DATA SUPPLIED:
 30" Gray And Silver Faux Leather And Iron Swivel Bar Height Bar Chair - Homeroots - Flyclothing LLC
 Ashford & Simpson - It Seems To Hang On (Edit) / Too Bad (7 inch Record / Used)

--

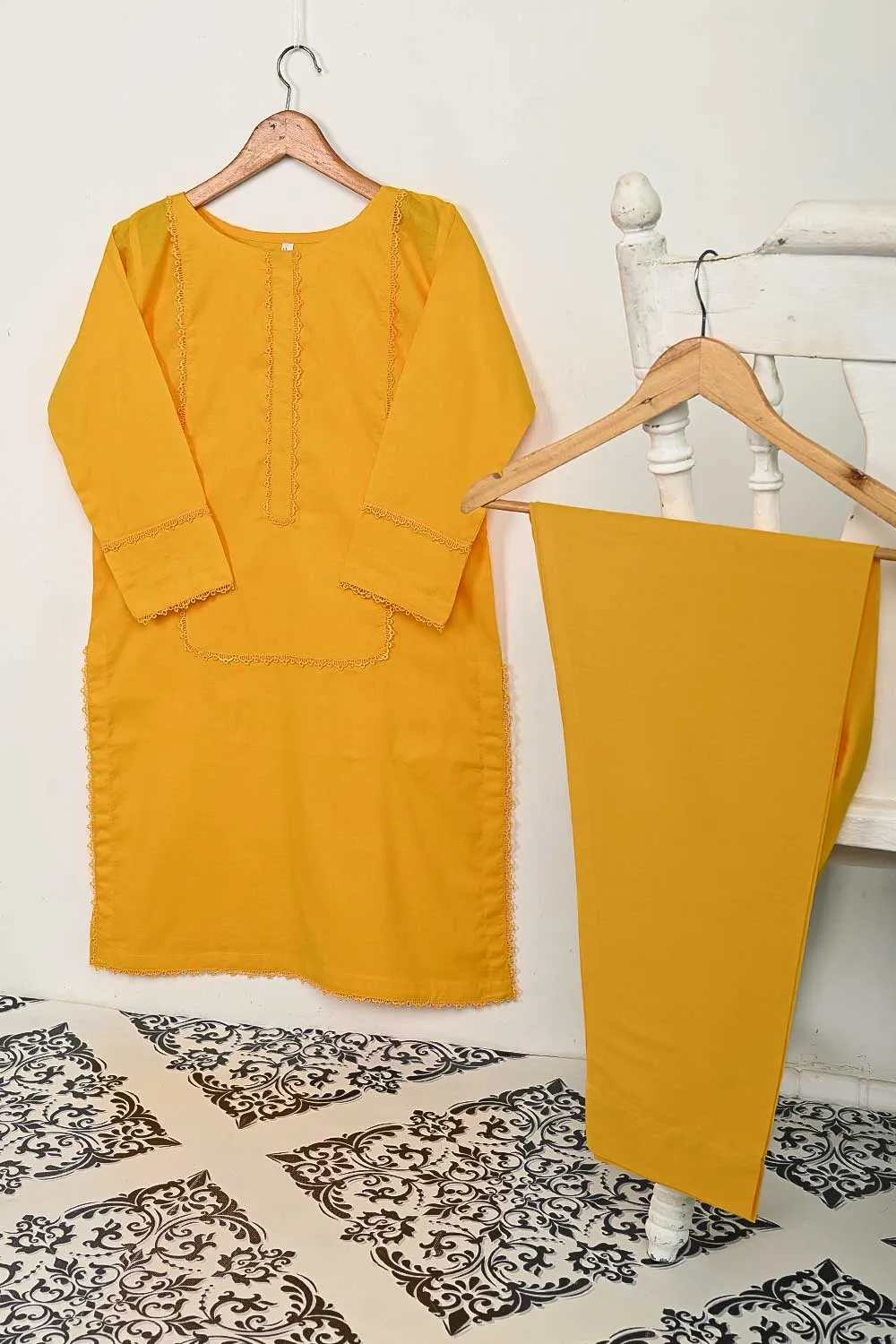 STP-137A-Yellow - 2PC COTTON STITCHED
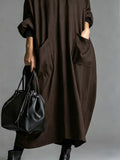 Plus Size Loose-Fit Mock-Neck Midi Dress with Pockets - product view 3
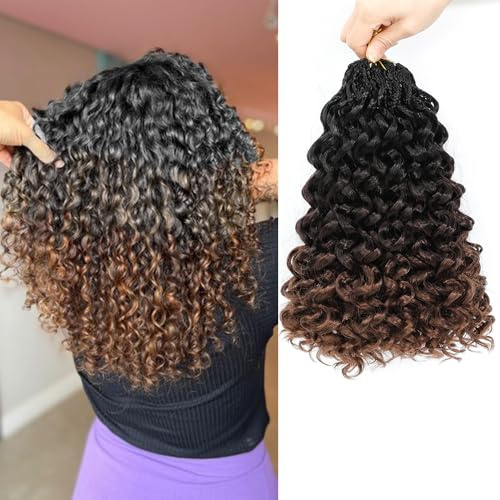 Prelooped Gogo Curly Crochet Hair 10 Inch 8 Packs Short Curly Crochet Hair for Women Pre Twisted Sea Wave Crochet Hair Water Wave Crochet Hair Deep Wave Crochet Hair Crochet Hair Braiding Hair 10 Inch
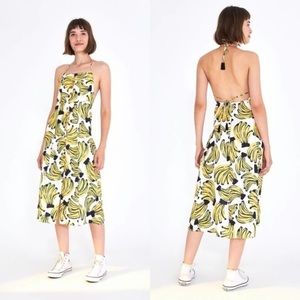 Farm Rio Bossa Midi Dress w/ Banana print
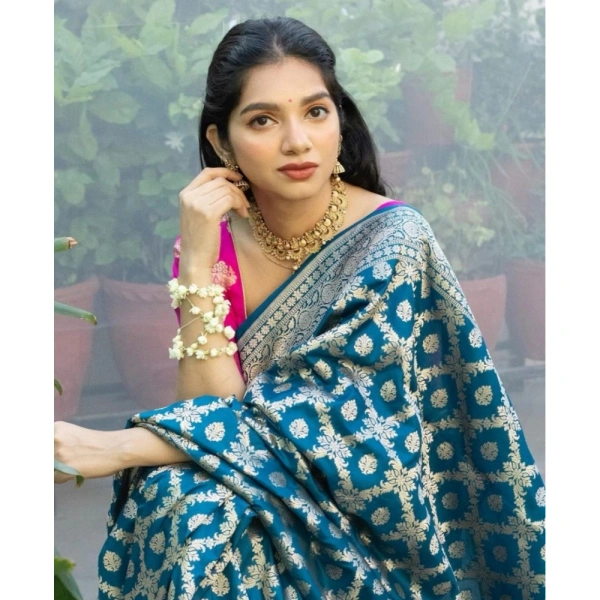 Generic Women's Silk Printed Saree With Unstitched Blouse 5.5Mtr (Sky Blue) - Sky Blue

...

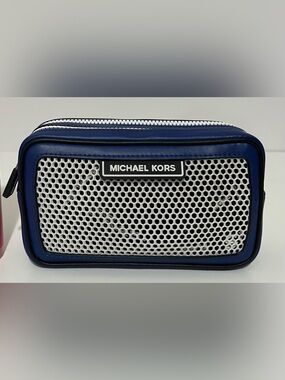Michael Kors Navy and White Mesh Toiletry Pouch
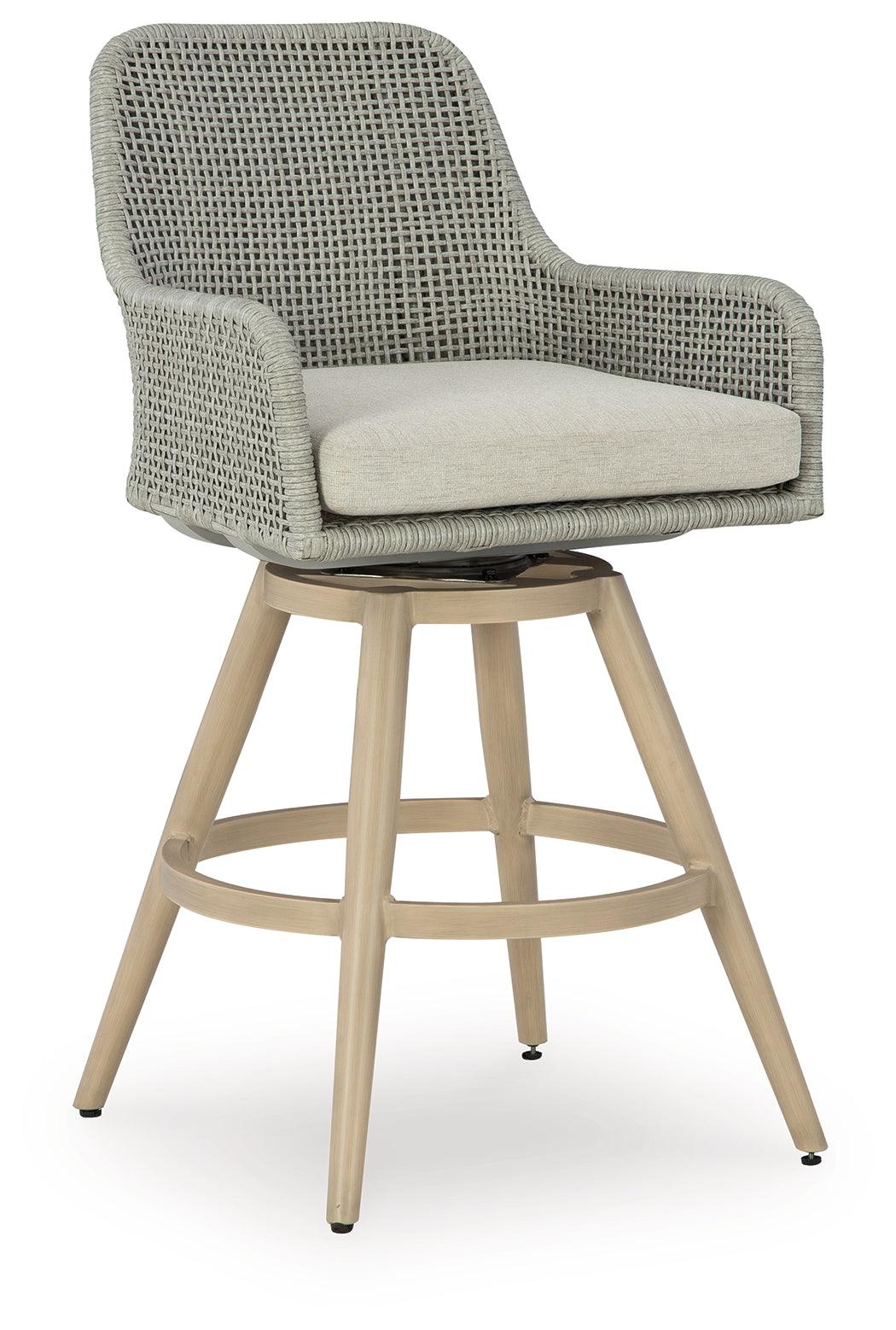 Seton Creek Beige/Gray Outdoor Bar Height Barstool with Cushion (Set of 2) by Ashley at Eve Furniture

TASK ITEM: Begin at the line in the entries above that has "Michael Kors Navy", stop after the line that has "Seton Creek Beige/Gray", and output exactly those lines without pictures.

ANSWER TO THIS PROBLEM:
Michael Kors Navy and White Mesh Toiletry Pouch
 Seton Creek Beige/Gray Outdoor Bar Height Barstool with Cushion (Set of 2) by Ashley at Eve Furniture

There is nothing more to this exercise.